For reference, one frame is 357366 cycles, or 16639.3 microseconds long (425568 cycles, or 19997.2 us in PAL regions).

You are reading the table correctly--on the NTSC versions of the game when you have the maximum score of 9999990, over 8% of the CPU's available time is going towards drawing the score. To make matters worse, when playing in 2-player mode, on Luigi's turn, Mario's score is drawn to the status bar before it gets immediately overwritten by Luigi's score. So the impact of score lag on Luigi is two-fold.

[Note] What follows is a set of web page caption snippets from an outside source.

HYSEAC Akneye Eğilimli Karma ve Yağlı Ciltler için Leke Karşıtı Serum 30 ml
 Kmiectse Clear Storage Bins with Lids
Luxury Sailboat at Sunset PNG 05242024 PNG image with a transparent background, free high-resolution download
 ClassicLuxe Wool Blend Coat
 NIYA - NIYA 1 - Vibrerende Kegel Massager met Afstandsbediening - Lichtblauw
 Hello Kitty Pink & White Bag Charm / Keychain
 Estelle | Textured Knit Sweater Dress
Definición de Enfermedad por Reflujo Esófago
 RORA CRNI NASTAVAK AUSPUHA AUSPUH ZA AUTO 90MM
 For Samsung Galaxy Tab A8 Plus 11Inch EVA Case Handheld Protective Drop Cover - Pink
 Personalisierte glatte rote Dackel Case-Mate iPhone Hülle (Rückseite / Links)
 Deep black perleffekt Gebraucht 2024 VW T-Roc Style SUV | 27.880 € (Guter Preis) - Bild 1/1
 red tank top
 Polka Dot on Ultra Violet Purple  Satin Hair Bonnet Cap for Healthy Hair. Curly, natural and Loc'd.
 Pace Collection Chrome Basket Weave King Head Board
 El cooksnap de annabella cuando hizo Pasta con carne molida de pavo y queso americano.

As you can see, the higher a digit is in the score, the more times the algorithm has to loop and subtract a power of ten from the score. This means that scores with low digits take the least amount of time to convert and draw. However, the empty tiles that precede smaller scores also take extra time to draw. This means the most optimal score is exactly 1000000. The least optimal score is the maximum score of 9999990. In general, you can estimate how "good" of a score you have by summing all of the digits of the score together. For example, the score of 386750 has a value of about 29. From this, you can tell that a score of 100000 is much better than a score of 99950, since the values for those scores are 1 and 32, which are vastly different. If you had a score of 99950, you can spin jump on an enemy to kill it, gaining 200 points. This would put you at 100150, with a value of 7, which is still much better than 32.